Facebook’ta İngiliz Havayollarının bir uçağıyla seyahat eden bazı yolcuların, uçak belirli bir yüksekliğe ulaştığında korkunç hayaller görmesiyle ilgili bir yazı okumuştum. İngiliz Havayolları şirketi, uçağın her seferinin ardından bazı yolcuların devamlı şikayeti üzerine koltuklarla ilgili araştırma başlatıyordu. Araştırmanın sonunda şikayetçi olan yolcuların oturdukları koltukların, daha önce düşen bir uçağın sağlam kalan ve yeniden kullanılan koltukları olduğu ortaya çıkıyordu. Araştırmaya katılan bazı uzmanlar, eşyanın da hafızası olduğunu, yolcuların korkunç hayaller görmesinin de uçak koltuklarının hafızasından kaynaklandığını ileri sürüyordu.
Ben, eşyaların hafızası olduğuna inanıyorum.
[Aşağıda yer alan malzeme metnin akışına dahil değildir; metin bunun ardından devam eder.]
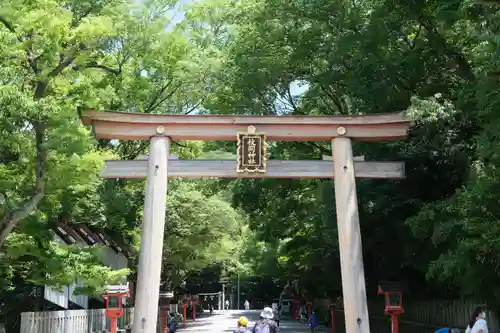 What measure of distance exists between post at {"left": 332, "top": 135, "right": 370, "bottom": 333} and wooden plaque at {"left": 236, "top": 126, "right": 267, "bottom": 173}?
183 centimetres

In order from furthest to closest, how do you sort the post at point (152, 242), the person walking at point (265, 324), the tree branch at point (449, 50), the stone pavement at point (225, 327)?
1. the stone pavement at point (225, 327)
2. the tree branch at point (449, 50)
3. the post at point (152, 242)
4. the person walking at point (265, 324)

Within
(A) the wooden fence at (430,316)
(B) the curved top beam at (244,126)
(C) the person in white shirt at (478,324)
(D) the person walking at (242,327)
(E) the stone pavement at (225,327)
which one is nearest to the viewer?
(D) the person walking at (242,327)

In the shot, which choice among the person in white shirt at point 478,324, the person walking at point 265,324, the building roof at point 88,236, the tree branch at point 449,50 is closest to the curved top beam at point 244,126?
the tree branch at point 449,50

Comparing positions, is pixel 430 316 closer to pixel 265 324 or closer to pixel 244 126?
pixel 244 126

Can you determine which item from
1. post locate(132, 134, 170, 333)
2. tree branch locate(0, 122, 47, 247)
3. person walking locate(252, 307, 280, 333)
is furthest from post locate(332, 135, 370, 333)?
tree branch locate(0, 122, 47, 247)

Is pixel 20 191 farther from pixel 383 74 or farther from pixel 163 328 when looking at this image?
pixel 163 328

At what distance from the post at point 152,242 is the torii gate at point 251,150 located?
0.02 metres

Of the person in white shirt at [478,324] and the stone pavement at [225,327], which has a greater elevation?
the person in white shirt at [478,324]

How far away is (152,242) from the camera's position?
44.9ft

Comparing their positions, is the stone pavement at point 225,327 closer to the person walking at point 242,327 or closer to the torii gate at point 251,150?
the torii gate at point 251,150

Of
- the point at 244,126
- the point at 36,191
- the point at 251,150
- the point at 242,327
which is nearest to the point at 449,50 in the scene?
the point at 244,126

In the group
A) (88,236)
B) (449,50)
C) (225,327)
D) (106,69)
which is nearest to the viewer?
(449,50)

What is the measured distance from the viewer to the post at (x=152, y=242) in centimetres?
1323

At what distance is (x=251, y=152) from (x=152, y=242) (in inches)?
128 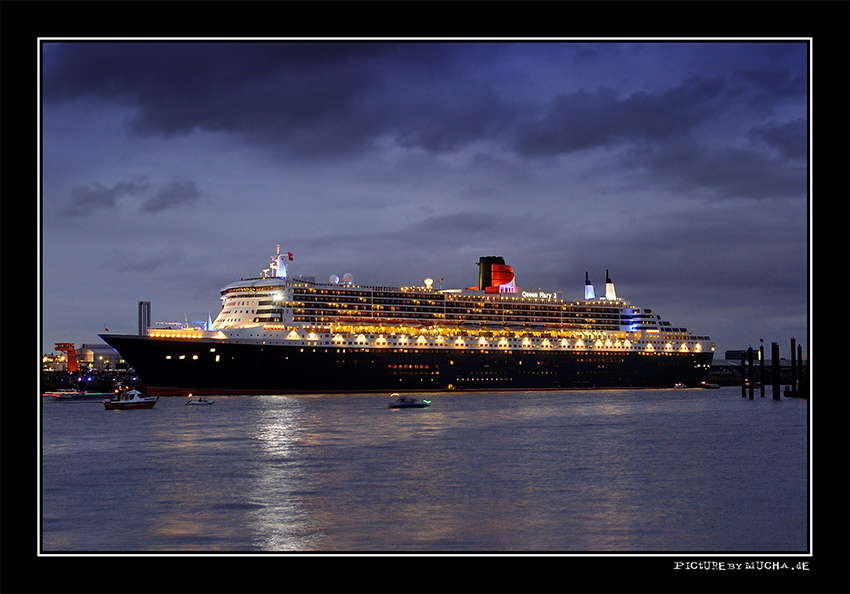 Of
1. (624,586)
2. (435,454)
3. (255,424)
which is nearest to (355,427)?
(255,424)

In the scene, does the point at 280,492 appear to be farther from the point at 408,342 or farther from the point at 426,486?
the point at 408,342

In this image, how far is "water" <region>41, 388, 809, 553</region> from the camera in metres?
16.1

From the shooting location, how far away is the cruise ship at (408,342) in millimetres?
64312

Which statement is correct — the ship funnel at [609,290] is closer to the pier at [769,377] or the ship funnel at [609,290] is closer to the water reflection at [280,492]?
the pier at [769,377]

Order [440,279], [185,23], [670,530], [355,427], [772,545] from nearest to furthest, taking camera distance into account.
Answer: [185,23] → [772,545] → [670,530] → [355,427] → [440,279]

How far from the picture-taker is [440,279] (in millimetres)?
82312

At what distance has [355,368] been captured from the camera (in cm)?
6888

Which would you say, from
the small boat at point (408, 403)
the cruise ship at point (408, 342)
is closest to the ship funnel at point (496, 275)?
the cruise ship at point (408, 342)

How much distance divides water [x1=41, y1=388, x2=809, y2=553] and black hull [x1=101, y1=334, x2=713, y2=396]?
59.8 feet

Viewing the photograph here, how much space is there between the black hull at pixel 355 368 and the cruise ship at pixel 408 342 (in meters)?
0.09

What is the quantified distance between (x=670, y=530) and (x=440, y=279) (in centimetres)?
6591

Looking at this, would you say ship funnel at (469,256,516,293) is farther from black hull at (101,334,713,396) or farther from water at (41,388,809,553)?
water at (41,388,809,553)

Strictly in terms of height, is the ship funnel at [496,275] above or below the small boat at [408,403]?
above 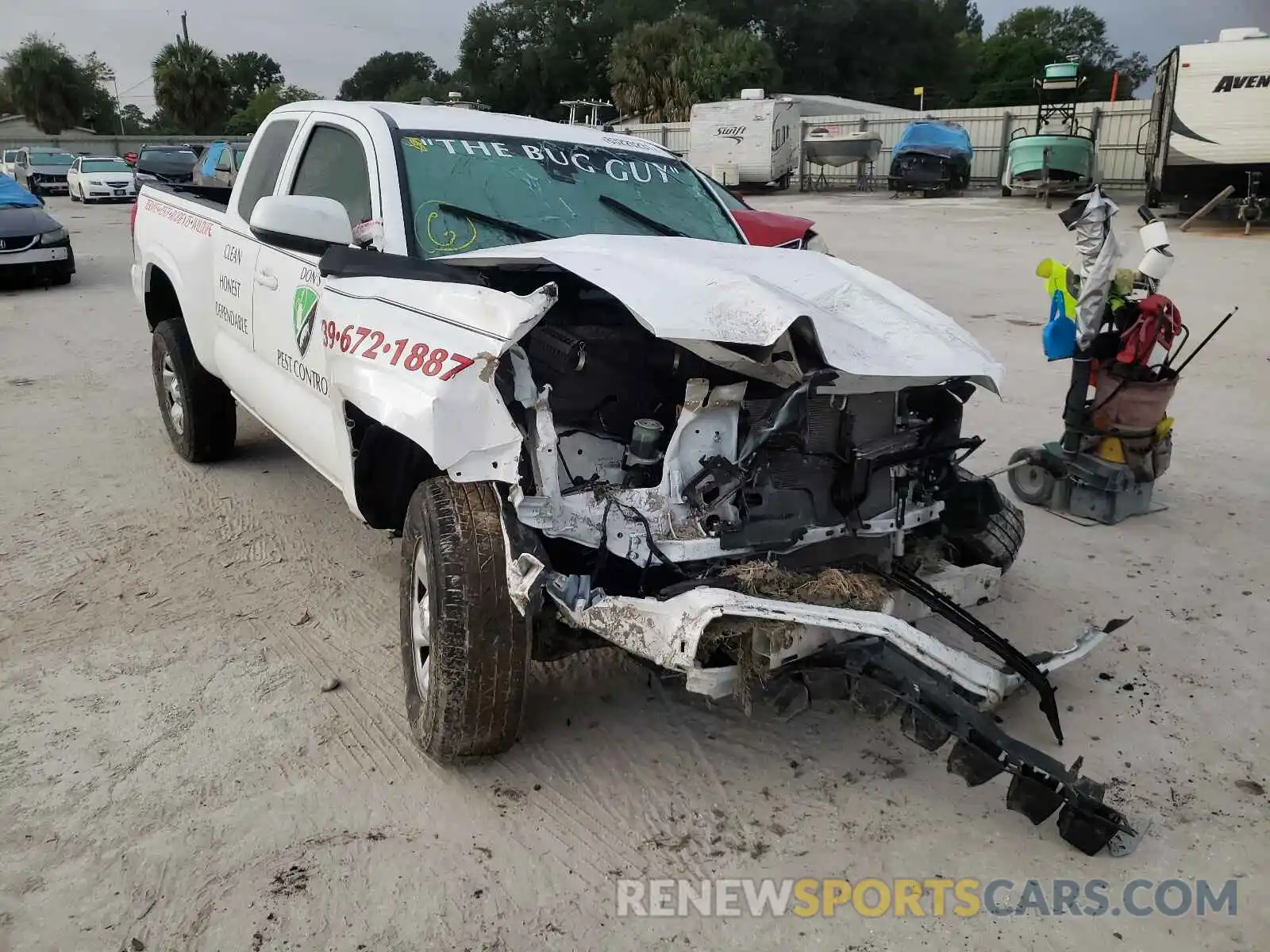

Eminim insanların yaşadıkları, kullandıkları eşyalar üzerinde iz bırakıyordur. İşte bu yüzden dokunduğum nesnelerin geçmişini bilmek istiyorum.
Düşünsenize bir müzeye gidiyorsunuz, bir resme ya da bir heykele parmağınızın ucuyla dokunuyorsunuz ve sahip olduğunuz sihirli güçle sanatçının o eseri nasıl yaptığını, yaparken neler yaşadığını, ne kadar yorulduğunu görüyorsunuz.
Mısır’daki piramitlerin yapımında kullanılan taşlara dokunmak ve piramitlerin nasıl yapıldıklarının sırrını bilmek isterdim. Binlerce yıl önce o kocaman taşları nasıl üst üste yerleştirip piramit şeklini verdiklerini bir dokunuşumla keşfedebilirdim. Mumyalar da keşfetmek istediğim sırlardan biri.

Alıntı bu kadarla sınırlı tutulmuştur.